Source data:
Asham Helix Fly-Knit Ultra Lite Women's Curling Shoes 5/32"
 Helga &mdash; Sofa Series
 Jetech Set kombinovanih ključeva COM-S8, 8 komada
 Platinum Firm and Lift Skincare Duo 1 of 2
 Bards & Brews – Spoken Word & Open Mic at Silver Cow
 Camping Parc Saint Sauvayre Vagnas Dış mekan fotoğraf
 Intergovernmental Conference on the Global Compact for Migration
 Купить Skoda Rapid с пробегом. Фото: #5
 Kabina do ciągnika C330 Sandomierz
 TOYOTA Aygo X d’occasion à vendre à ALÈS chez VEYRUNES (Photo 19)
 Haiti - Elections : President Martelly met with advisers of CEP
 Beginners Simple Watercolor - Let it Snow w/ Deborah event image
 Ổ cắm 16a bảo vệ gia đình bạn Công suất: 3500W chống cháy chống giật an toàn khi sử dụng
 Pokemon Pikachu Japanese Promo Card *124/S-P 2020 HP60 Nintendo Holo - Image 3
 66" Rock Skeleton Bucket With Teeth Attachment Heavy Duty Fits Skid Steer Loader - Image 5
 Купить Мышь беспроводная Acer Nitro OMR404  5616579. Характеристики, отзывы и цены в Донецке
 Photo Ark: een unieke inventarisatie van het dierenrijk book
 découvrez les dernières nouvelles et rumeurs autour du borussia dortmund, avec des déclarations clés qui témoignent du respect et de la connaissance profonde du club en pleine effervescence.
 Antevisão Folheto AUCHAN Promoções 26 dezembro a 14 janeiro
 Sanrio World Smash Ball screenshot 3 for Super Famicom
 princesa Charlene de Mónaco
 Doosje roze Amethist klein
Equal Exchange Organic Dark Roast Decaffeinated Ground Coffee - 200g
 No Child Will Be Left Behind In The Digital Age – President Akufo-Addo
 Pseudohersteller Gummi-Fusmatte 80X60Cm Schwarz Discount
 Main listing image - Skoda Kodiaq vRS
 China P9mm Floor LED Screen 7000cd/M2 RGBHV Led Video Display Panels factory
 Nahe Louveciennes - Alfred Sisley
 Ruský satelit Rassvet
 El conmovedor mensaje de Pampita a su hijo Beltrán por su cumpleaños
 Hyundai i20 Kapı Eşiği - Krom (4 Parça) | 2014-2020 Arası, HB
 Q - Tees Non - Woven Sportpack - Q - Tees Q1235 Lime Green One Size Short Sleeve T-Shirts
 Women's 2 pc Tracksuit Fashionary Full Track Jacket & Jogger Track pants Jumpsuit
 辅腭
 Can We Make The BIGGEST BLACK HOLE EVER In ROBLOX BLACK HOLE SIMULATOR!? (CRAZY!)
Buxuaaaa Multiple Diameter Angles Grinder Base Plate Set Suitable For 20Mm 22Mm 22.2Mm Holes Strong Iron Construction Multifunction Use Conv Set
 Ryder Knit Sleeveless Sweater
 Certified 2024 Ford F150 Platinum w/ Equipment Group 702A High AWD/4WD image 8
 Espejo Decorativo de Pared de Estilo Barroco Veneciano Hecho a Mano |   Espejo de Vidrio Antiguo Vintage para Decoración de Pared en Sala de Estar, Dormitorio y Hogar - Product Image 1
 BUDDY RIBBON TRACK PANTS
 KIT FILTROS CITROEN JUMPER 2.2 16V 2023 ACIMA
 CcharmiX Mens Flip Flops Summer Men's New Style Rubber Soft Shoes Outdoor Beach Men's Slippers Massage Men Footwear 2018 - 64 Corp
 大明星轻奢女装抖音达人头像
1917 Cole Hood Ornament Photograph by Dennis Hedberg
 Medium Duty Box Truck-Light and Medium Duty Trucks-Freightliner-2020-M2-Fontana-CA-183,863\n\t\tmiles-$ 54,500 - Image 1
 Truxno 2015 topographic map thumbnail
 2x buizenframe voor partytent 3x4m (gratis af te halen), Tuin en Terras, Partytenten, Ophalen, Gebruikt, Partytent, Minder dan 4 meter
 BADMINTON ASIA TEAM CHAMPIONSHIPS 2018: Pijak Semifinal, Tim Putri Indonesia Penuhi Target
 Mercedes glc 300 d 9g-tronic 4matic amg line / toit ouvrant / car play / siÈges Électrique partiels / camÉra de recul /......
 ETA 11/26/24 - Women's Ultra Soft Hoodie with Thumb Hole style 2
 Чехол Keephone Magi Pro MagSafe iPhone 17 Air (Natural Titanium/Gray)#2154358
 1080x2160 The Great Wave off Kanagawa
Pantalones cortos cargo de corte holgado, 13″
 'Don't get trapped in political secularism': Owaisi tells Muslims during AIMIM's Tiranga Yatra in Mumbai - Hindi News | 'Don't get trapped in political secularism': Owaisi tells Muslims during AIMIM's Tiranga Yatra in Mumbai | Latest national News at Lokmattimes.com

TASK PROMPT: Retype only this portion of the data above: the line containing "Beginners Simple Watercolor", the line containing "Can We Make", and all lines between them, exactly.

RESULT:
 Beginners Simple Watercolor - Let it Snow w/ Deborah event image
 Ổ cắm 16a bảo vệ gia đình bạn Công suất: 3500W chống cháy chống giật an toàn khi sử dụng
 Pokemon Pikachu Japanese Promo Card *124/S-P 2020 HP60 Nintendo Holo - Image 3
 66" Rock Skeleton Bucket With Teeth Attachment Heavy Duty Fits Skid Steer Loader - Image 5
 Купить Мышь беспроводная Acer Nitro OMR404  5616579. Характеристики, отзывы и цены в Донецке
 Photo Ark: een unieke inventarisatie van het dierenrijk book
 découvrez les dernières nouvelles et rumeurs autour du borussia dortmund, avec des déclarations clés qui témoignent du respect et de la connaissance profonde du club en pleine effervescence.
 Antevisão Folheto AUCHAN Promoções 26 dezembro a 14 janeiro
 Sanrio World Smash Ball screenshot 3 for Super Famicom
 princesa Charlene de Mónaco
 Doosje roze Amethist klein
Equal Exchange Organic Dark Roast Decaffeinated Ground Coffee - 200g
 No Child Will Be Left Behind In The Digital Age – President Akufo-Addo
 Pseudohersteller Gummi-Fusmatte 80X60Cm Schwarz Discount
 Main listing image - Skoda Kodiaq vRS
 China P9mm Floor LED Screen 7000cd/M2 RGBHV Led Video Display Panels factory
 Nahe Louveciennes - Alfred Sisley
 Ruský satelit Rassvet
 El conmovedor mensaje de Pampita a su hijo Beltrán por su cumpleaños
 Hyundai i20 Kapı Eşiği - Krom (4 Parça) | 2014-2020 Arası, HB
 Q - Tees Non - Woven Sportpack - Q - Tees Q1235 Lime Green One Size Short Sleeve T-Shirts
 Women's 2 pc Tracksuit Fashionary Full Track Jacket & Jogger Track pants Jumpsuit
 辅腭
 Can We Make The BIGGEST BLACK HOLE EVER In ROBLOX BLACK HOLE SIMULATOR!? (CRAZY!)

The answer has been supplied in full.